Another smallpox treatment is Brincidofovir, which inhibits orthopoxvirus DNA polymerase-mediated DNA synthesis and has shown efficacy against monkeypox in woodchuck and mouse models. In one human trial, three patients were treated with Brincidofovir, but all three were discontinued due to toxicity (increased liver enzymes). Cidofovir, the active pharmaceutical form of Brincidofovir, has also shown anti-poxvirus activity in in vitro and animal studies, but is nephrotoxic.
Current studies on human systemic and mucosal immune responses during MPXV infection are limited, and a better understanding of the immune defense mechanisms of MPXV is needed. And it is unclear whether prior infection with VACV or MPXV or vaccination against smallpox induces any form of mucosal immunity. Given that MPXV and other poxviruses can be transmitted by respiratory aerosols, it is critical to characterize the mucosal immune response.

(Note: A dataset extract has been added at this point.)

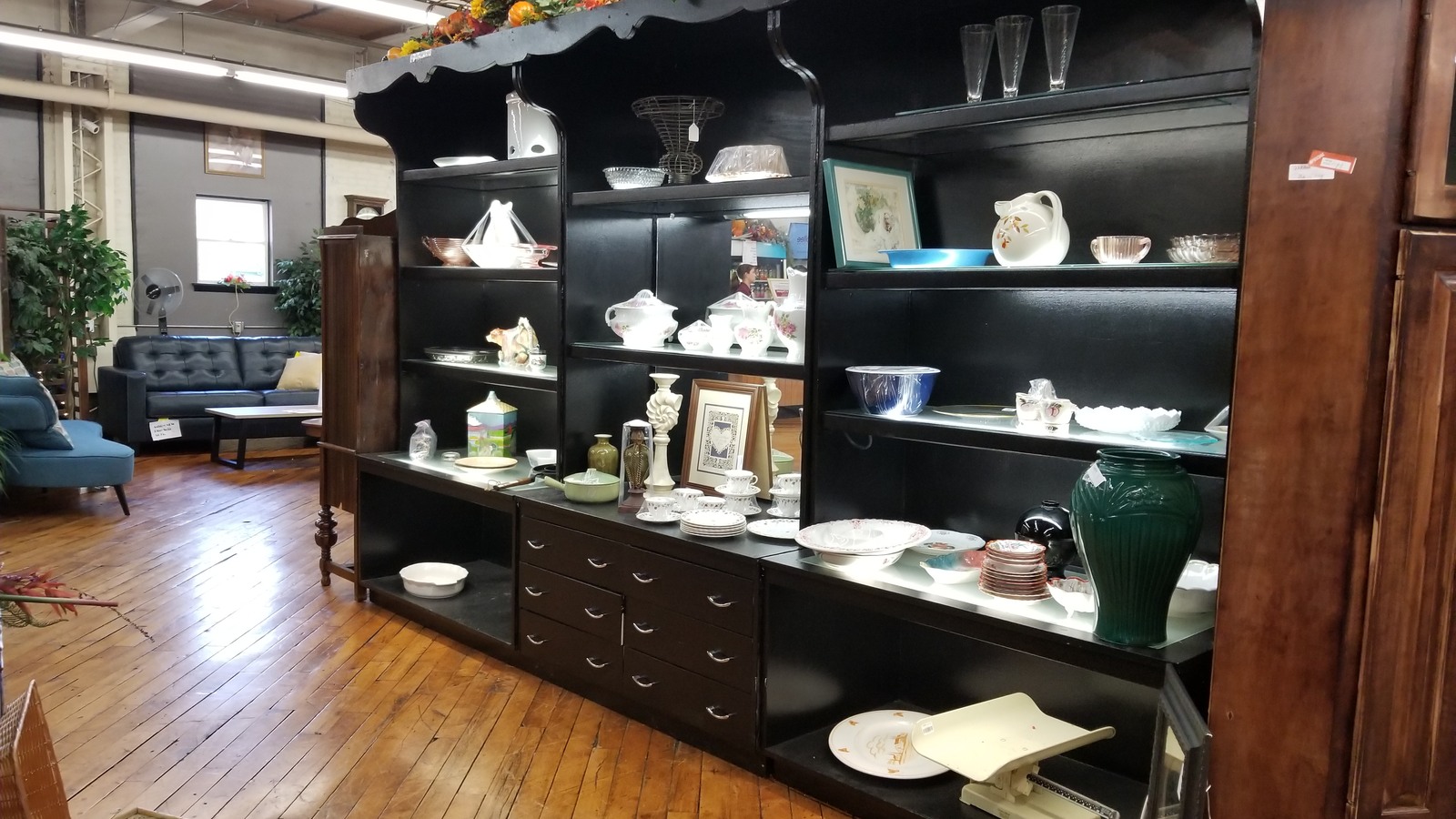 White dishes, glassware, and collectibles displayed in a dark wood cabinet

Understanding the role of immunoglobulin A (IgA) and tissue-resident memory T cells in MPXV infection is particularly important and will provide a better understanding of MPXV-related respiratory complications. Likewise, foreskin mucosal immunity should also be characterized, as MPXV DNA has been identified in semen.
Defining the immunological correlates of protection is an important indicator for evaluating new vaccines, especially those targeting vulnerable groups of pregnant women and children. Currently, several countries, including the United Kingdom, the United States and Canada, have implemented Ring-fencing vaccinations to stop the potential spread of MPXV around the world. However, several challenges remain for successful vaccination: (1) not everyone is willing to receive the vaccine; (2) while currently available second- and third-generation vaccines are approximately 85% protective against MPXV in animal models , but their protective capacity in MPXV-infected humans remains unclear; (3) patients may be reluctant to initiate a diagnosis, given the current characterization of monkeypox in non-endemic areas as a disease primarily transmitted within the MSM community, especially in Countries where homosexuality is stigmatized or criminalized.
Many other infectious diseases are prevalent in Africa and may be co-infected with MPXV, such as alphavirus infection and malaria co-infection, which can significantly modulate host immunity and affect infection outcomes. Additionally, given the current MSM transmission in non-endemic countries, monkeypox and vaccination in the case of co-infection with other diseases in the MSM community are also needed, especially considering whether the patient is HIV-1 infected, as it can severely impair adaptation Sexual immune response.